#### [Goal of the exercise]
Here is a block of entries. Write out its lines exactly, from the first through the one containing "Katar ve İsviçre".

#### [Records for the task]

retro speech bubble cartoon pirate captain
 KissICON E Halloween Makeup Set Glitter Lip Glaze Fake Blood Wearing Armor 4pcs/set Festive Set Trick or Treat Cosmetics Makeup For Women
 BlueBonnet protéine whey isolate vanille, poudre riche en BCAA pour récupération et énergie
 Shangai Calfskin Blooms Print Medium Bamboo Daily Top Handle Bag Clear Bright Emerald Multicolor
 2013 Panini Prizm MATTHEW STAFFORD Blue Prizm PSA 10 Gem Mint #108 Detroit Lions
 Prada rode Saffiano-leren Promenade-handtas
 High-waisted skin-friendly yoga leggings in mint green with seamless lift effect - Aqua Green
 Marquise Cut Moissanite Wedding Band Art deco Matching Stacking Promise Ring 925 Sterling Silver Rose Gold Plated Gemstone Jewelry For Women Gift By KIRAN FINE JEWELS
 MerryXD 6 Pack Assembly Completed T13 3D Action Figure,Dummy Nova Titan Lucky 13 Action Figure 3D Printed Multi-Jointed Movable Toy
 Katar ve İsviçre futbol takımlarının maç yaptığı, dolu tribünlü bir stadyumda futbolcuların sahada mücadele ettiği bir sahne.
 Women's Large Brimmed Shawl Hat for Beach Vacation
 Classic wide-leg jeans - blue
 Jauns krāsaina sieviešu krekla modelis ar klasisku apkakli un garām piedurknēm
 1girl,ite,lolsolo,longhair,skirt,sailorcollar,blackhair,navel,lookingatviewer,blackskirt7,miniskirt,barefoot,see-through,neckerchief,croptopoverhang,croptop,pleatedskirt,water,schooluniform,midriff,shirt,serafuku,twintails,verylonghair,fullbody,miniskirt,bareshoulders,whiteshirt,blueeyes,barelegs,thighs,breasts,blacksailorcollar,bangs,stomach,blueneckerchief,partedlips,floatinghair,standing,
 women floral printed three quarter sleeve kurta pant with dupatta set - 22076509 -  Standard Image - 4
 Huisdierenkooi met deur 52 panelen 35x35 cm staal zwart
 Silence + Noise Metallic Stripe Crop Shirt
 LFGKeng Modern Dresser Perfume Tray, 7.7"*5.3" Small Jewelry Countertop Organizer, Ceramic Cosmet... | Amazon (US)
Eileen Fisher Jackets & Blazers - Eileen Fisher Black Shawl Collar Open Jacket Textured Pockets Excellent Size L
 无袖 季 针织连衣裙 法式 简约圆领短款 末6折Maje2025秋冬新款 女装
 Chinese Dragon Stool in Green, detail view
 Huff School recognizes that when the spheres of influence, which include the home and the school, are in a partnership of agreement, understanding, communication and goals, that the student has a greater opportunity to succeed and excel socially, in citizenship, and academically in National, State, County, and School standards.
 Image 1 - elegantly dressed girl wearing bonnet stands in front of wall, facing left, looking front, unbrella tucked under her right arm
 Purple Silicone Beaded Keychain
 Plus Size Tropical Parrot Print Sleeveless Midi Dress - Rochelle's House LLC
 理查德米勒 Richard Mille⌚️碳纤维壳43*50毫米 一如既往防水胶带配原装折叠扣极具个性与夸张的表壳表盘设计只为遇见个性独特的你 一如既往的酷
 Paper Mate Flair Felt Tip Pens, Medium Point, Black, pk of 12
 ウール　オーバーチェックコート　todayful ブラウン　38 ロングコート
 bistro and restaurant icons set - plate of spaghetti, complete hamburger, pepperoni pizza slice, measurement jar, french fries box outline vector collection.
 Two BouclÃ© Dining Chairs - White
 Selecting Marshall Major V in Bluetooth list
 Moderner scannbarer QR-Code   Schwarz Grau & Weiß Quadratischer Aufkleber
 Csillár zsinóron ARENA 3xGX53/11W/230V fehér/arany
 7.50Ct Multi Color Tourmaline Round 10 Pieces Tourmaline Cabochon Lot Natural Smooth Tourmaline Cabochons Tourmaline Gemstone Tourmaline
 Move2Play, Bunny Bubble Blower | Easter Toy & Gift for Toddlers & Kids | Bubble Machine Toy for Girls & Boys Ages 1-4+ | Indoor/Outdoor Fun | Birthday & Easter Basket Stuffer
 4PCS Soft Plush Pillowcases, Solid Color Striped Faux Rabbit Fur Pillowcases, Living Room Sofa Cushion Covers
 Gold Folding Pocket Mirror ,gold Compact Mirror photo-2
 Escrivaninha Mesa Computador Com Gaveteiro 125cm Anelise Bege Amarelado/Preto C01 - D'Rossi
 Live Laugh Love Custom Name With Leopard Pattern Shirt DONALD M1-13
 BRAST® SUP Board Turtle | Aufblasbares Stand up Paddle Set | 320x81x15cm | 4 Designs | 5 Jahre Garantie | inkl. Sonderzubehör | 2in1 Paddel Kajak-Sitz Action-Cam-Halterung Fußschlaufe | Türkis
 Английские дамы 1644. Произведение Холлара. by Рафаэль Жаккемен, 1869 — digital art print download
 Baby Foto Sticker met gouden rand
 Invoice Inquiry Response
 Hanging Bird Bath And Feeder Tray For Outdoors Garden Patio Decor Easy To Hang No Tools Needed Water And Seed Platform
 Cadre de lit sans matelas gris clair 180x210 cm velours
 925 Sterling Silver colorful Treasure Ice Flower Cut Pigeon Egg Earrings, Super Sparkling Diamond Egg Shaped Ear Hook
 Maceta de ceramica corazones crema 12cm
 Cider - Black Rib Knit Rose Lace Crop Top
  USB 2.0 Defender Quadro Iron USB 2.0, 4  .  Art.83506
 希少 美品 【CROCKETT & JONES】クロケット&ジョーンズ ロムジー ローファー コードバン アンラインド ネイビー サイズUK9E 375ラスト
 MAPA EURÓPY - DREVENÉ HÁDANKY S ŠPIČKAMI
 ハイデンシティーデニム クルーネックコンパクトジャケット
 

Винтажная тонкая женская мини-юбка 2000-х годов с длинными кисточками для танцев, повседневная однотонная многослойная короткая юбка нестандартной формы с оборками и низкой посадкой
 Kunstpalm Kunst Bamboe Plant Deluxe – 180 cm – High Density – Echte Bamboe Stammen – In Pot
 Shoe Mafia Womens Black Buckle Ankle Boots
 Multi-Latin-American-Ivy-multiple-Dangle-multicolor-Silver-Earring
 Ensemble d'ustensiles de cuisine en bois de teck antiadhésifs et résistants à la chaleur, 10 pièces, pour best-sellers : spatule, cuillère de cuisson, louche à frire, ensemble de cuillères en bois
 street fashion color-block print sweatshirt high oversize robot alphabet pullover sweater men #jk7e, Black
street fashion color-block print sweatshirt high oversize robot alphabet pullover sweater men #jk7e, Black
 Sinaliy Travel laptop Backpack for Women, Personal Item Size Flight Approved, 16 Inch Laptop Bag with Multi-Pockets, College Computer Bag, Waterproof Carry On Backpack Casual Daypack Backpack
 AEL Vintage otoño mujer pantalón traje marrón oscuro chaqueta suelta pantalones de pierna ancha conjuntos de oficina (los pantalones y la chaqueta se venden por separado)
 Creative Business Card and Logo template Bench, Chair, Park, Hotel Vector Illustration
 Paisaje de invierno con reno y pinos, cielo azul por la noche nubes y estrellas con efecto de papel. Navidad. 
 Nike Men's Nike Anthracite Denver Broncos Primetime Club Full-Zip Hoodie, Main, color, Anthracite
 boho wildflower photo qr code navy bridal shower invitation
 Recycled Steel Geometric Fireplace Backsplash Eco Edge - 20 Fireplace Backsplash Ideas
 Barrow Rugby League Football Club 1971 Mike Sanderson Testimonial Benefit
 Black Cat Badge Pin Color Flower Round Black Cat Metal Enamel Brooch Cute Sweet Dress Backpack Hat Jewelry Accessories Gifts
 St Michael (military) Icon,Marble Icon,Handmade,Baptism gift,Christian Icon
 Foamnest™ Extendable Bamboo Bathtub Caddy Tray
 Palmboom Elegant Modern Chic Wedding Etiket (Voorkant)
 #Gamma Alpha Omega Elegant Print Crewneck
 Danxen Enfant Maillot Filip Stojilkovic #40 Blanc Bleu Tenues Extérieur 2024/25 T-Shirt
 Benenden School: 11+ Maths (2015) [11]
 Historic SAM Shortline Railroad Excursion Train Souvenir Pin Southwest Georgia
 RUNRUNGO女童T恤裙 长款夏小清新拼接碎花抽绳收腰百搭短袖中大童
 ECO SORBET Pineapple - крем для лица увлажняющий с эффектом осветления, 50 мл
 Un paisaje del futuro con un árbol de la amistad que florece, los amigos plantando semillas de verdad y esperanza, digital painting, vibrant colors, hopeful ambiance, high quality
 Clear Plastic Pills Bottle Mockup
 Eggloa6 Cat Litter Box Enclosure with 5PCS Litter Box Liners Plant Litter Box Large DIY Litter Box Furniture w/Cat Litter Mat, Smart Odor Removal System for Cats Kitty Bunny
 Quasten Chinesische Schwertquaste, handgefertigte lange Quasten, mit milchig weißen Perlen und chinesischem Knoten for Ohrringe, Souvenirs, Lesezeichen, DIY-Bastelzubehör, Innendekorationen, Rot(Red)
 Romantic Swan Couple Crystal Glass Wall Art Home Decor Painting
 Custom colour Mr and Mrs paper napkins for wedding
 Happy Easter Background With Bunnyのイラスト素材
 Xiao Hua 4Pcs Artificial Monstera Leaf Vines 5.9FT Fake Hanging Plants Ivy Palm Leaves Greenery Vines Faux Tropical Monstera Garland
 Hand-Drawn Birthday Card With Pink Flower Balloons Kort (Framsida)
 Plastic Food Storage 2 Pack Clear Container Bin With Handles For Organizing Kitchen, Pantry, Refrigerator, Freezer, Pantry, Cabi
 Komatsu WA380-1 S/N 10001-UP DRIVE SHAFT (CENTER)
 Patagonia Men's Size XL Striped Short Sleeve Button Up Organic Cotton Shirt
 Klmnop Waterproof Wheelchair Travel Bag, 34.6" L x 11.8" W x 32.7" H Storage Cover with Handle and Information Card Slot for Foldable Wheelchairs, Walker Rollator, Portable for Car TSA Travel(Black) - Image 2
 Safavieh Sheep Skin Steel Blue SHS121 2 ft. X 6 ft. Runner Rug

#### [Result for this exercise]
retro speech bubble cartoon pirate captain
 KissICON E Halloween Makeup Set Glitter Lip Glaze Fake Blood Wearing Armor 4pcs/set Festive Set Trick or Treat Cosmetics Makeup For Women
 BlueBonnet protéine whey isolate vanille, poudre riche en BCAA pour récupération et énergie
 Shangai Calfskin Blooms Print Medium Bamboo Daily Top Handle Bag Clear Bright Emerald Multicolor
 2013 Panini Prizm MATTHEW STAFFORD Blue Prizm PSA 10 Gem Mint #108 Detroit Lions
 Prada rode Saffiano-leren Promenade-handtas
 High-waisted skin-friendly yoga leggings in mint green with seamless lift effect - Aqua Green
 Marquise Cut Moissanite Wedding Band Art deco Matching Stacking Promise Ring 925 Sterling Silver Rose Gold Plated Gemstone Jewelry For Women Gift By KIRAN FINE JEWELS
 MerryXD 6 Pack Assembly Completed T13 3D Action Figure,Dummy Nova Titan Lucky 13 Action Figure 3D Printed Multi-Jointed Movable Toy
 Katar ve İsviçre futbol takımlarının maç yaptığı, dolu tribünlü bir stadyumda futbolcuların sahada mücadele ettiği bir sahne.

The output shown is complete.